This is a question I have been mulling over for a while. I loved school (geek alert). I was lucky to have some really inspiring teachers who really made their subjects come to life for me. However when it came to university study, teaching didn’t even cross my mind. Why be a teacher when you could be something much more glamorous like a journalist, translator or advertising exec?
I then spent two years in Japan teaching English on the JET Programme. Two of the best years of my life, I admired my co workers, I loved the foreign community and thoroughly enjoyed building relationships with my students and watching them learn and succeed. I knew I loved teaching in Japan, but teaching outside Japan? I’m sure it would be a much tougher ask.

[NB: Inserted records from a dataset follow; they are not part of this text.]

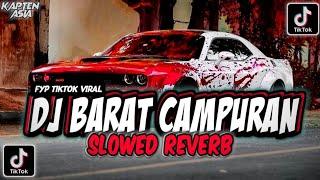 DJ BARAT CAMPURAN ( Slowed Reverb ) VIRAL TIK TOK 2024 JEDAG JEDUG SLOW BASS TERBARU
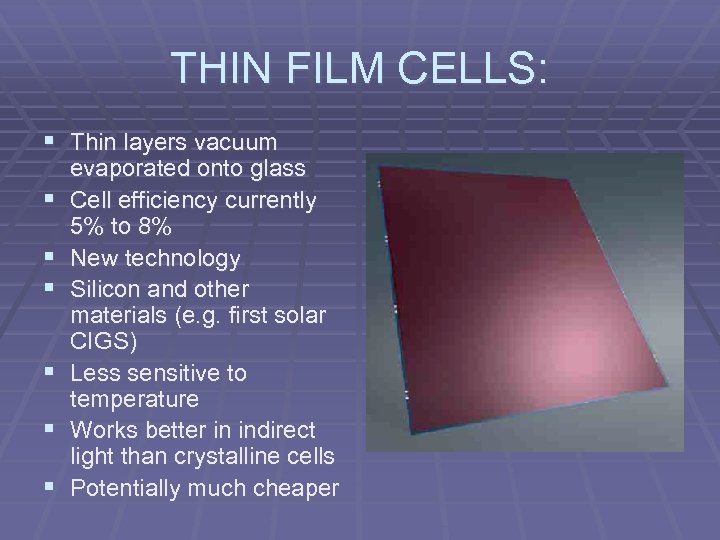 THIN FILM CELLS: § Thin layers vacuum § § § evaporated onto glass Cell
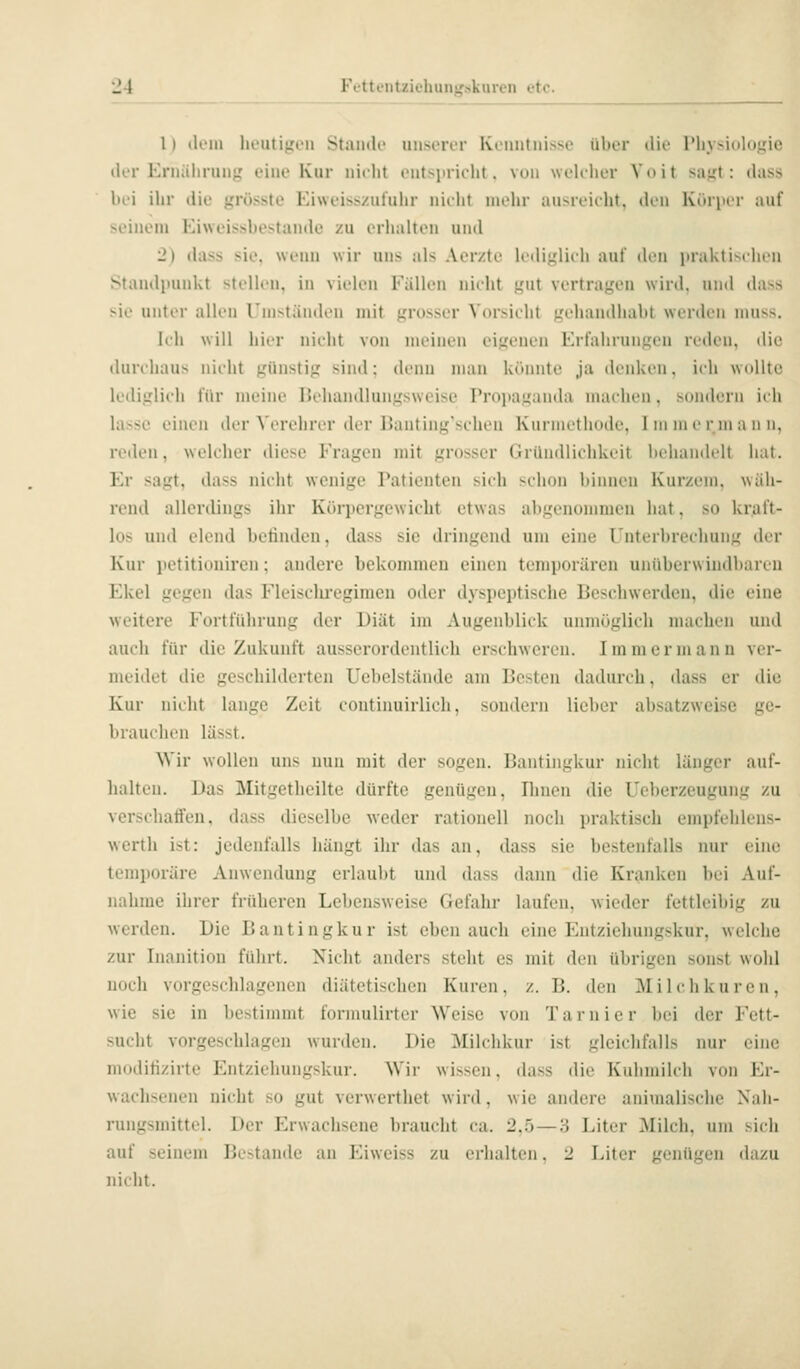 1) dem heutigen Stande unserer Ktiuituisse über tlie riiysiohijfie der Ernährung eine Kur nitlit entsiirielu, von weU-her Voit sagt: dass bei ihr die grösste Eiweiss/uluhr nirht mein- ausreicht, den Körper auf seinem Eiweissbestande zu erhalten und 2) (hiss sie. wenn wir uns als Aerzte lediglieh auf den praktisflu'n Standpunkt stellen, in vielen Fällen nieht gut vertragen wird, und dass sie unter allen Umständen mit grosser Vorsieht gehandhabt werden niuss. Ich will hier nieht von meinen eigenen Erfahrungen reden, die durchaus nicht günstig sind: denn man könnte ja denken, ich wollte lediglich für meine IJchandlungsweise Proiiaganda machen, sondern ii h lasse einen der ^'^'rehrcr der Banting'schcn Kiirmcthode. 1 in in c r m a ii n, reden, welcher diese Fragen mit grosser Gründlichkeit Itehandclt hat. Er sagt, dass nicht wenige Patienten sich schon hinnen Kurzem, wäh- rend allerdings ihr Kc>rpergewicht etwas abgenommen hat, so kraft- los und elend bctinden, dass sie dringend um eine Unterbrechung der Kur petitiouircn; andere bekommen einen temporären unüberwiudbaren Ekel gegen das Fleisclu'egimen oder dyspeptische Beschwerden, die eine weitere Fortführung der Diät im Augenblick unmöglich machen und auch für die Zukunft ausserordentlich erschweren. Immer mann ver- meidet die geschilderten Uebelstände am Besten dadurch, dass er die Kur nicht lange Zeit coutinuirlich, sondern lieber absatzweise ge- brauchen lässt. Wir wollen uns nun mit der sogen. Bantingkur nicht länger auf- halten. Das Mitgetheilte dürfte genügen, Ihnen die Ueberzeugung zu verschaffen, dass dieselbe weder rationell noch praktisch empfehlens- werth ist: jedenfalls hängt ihr das an, dass sie bestenfalls nur eine temporäre Anwendung erlaubt und dass daini die Kranken bei Auf- nahme ihrer früheren Lebensweise Gefahr laufen, wieder fettleibig zu werden. Die Bantingkur ist eben auch eine Entziehungskur, welche zur Inanition führt. Nicht anders steht es mit den übrigen sonst wohl noch vorgeschlagenen diätetischen Kuren, z. B. den Milchkuren, wie sie in bestimmt formulirter Weise von Tarnier bei der Fett- sucht vorgeschlagen wurden. Die Milchkur ist gleichfalls nur eine modifizirte Entziehungskur. Wir wissen, dass die Kuhmilch von Er- wachsenen nicht so gut verwerthet wird, wie andere animalische Nah- rungsjnittel. Der Erwachsene braucht ca. 2.5 — 3 Liter Milch, um sich auf seinem Bestände an Eiweiss zu erhalten, 2 Liter genügen dazu nicht.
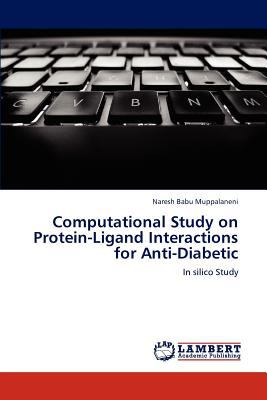 Computational Study on Protein-Ligand Interactions for Anti-Diabetic  N/A 9783659104817 Front Cover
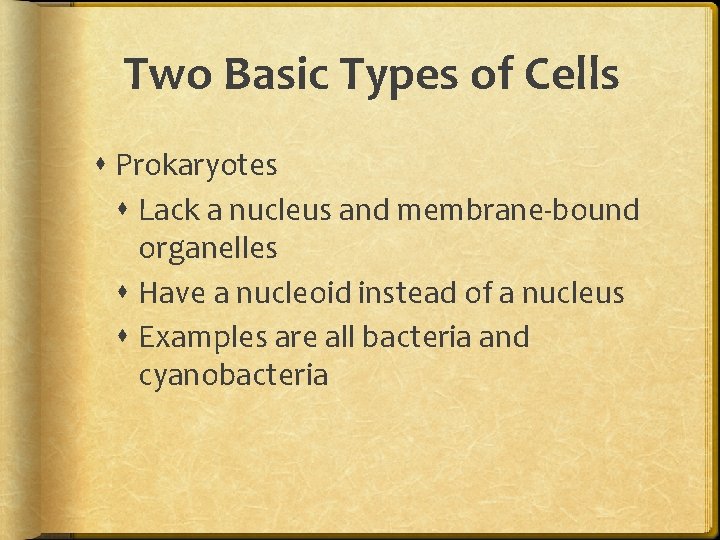 Two Basic Types of Cells Prokaryotes Lack a nucleus and membrane-bound organelles Have a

In comes Teach First, a charity intent on providing equal education for all. They train young graduates on the job by placing them in tough schools, the idea being that their youth and positive energy will be a motivator for the students. It spoke to me, and for the first time I thought, I could be a teacher, I should be a teacher, should I just do it? But with no guarantee I could stay in London while on the two year program, I had to say no.
So I’m still mulling.. but I have taken a small step. I now teach one on one English lessons to a Japanese family once a week. I support a four year old boy to build confidence in his English listening skills and help his housewife mother practice small talk so she can make conversation at the school gates when she drops off her son. It is fast becoming the highlight of my week, I love the creativity it brings out in me.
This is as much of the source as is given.